2.20. TQL Fragments¶
TQL fragments provide a mechanism to evaluate TQL expressions as part of another operation.
load()
and insert()
use TQL fragments to transform raw input data and map input columns to frame columns using the input_filter
parameter.
The fragment must be passed as a Python string:
frame.load(file, input_filter = '<fragment code>')
frame.insert([ [ 0, 1 ], [ 1, 2 ]], input_filter = '<fragment code>')
A TQL fragment supports a subset of TQL’s clauses, expressions and functions that can be evaluated in a stateless manner.
A TQL fragment can only contain the clauses WHERE
and RETURN
to support filtering and output mapping respectively.
Other TQL clauses are not allowed in a fragment.
For input operations, a TQL fragments is applied independently to each row of the input data to produce the final output data stored in the frame.
The example below shows a simple TQL fragment that filters raw input data based on the value of one of the columns and computes the output columns of the target frame. The first column has ten added to it, while the second column is passed through unmodified.
WHERE a.value > 0
RETURN a.value + 10, a.text
The input to a TQL fragment is the raw data coming from the input operation (file or Python client data) organized in a single row. All columns present in the input are available to the fragment for evaluation. A schema is derived for the raw input data using type inference to map the input data types to xGT’s types. Column names are automatically computed from the schema.

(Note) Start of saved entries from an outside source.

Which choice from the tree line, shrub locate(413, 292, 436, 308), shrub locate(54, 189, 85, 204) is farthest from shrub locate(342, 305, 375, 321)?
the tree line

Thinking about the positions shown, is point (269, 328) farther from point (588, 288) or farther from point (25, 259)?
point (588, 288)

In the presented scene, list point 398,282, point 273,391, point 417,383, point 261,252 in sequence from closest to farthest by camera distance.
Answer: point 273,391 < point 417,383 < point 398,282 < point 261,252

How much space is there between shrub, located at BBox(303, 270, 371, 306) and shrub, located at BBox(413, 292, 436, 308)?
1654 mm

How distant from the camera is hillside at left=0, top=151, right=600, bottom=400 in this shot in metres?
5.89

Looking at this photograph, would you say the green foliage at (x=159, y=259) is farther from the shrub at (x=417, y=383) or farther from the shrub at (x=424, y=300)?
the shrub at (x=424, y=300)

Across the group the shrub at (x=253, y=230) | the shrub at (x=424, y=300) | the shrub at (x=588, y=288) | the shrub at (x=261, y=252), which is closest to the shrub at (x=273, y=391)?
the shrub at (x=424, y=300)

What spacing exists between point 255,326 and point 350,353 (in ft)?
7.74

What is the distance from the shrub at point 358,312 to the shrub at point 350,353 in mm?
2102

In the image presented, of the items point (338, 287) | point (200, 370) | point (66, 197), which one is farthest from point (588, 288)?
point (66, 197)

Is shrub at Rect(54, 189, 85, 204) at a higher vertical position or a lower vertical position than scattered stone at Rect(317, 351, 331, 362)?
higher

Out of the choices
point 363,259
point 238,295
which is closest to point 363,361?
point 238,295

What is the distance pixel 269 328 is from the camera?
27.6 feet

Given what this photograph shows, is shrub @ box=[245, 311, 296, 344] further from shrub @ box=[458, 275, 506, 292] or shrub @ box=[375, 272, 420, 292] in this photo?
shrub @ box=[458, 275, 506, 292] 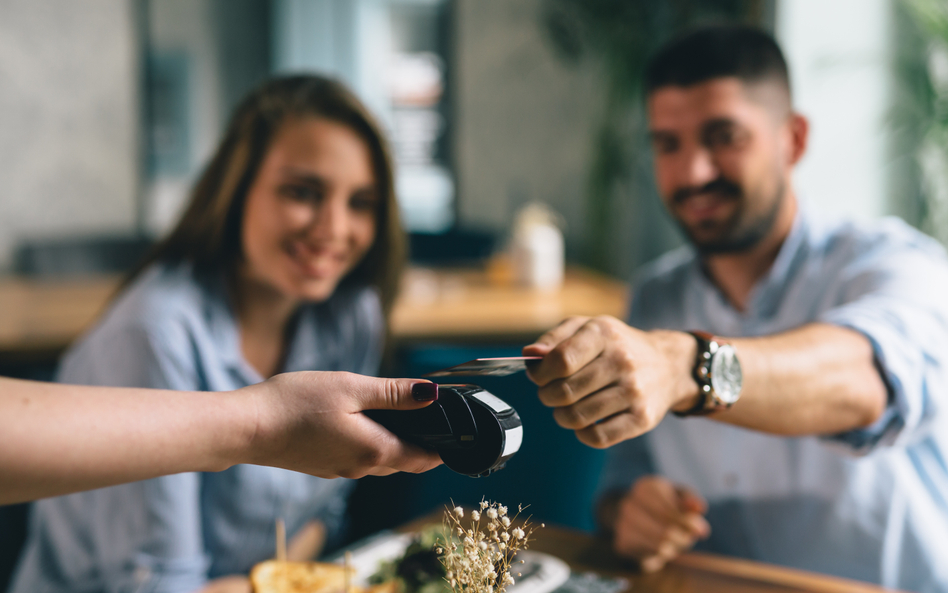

TQL requires a bound variable to refer to columns that are part of the row.
TQL fragments can use any name for this implied bound variable, but only a single name is allowed.
In the example above, the bound variable a
is the only name allowed to refer to the input row.
An expression b.property
in the same TQL fragment will produce an error as it refers to a different bound variable.
2.20.1. Interaction with Different Data Sources¶
TQL fragments are supported for all of xGT’s input data sources:
Parquet files.
CSV files with and without headers.
Client data as Python list of lists, pandas DataFrames, or pyarrow Tables.
While the behavior of TQL fragments is uniform across all input sources, there are slight differences between the input sources with respect to schema data types and column names.
2.20.1.1. Parquet Files¶
Parquet files are the simplest case, as they contain a schema as part of their metadata. The column names contained in the file’s schema are used to refer to the input data’s columns. All xGT data types are inferred automatically from the native Parquet data types except for the IPADDRESS type. Columns that potentially contain IP address data are presented to the fragment as strings (or lists of strings for list types) and the TQL fragment must treat them as such. xGT supports passing those strings directly to the output frame’s IP address column if no processing is required.
frame = conn.create_table_frame(
name = 'graph__Table',
schema = [['col0', xgt.INT],
['col1', xgt.IPADDRESS]])
WHERE input.value > 0
RETURN input.value + 10, input.ipaddress_as_string
2.20.1.2. CSV Files¶
To process CSV files using a TQL fragment, xGT automatically infers a schema from the raw data. All xGT types (including IP addresses and lists of IP addresses) are inferred from the CSV input.
CSV files that include headers will use the column names declared in the header as the column names available in the TQL fragment.
CSV files without headers will use automatically generated column names starting with the prefix f
.
This code shows the frame’s schema as declared on creation.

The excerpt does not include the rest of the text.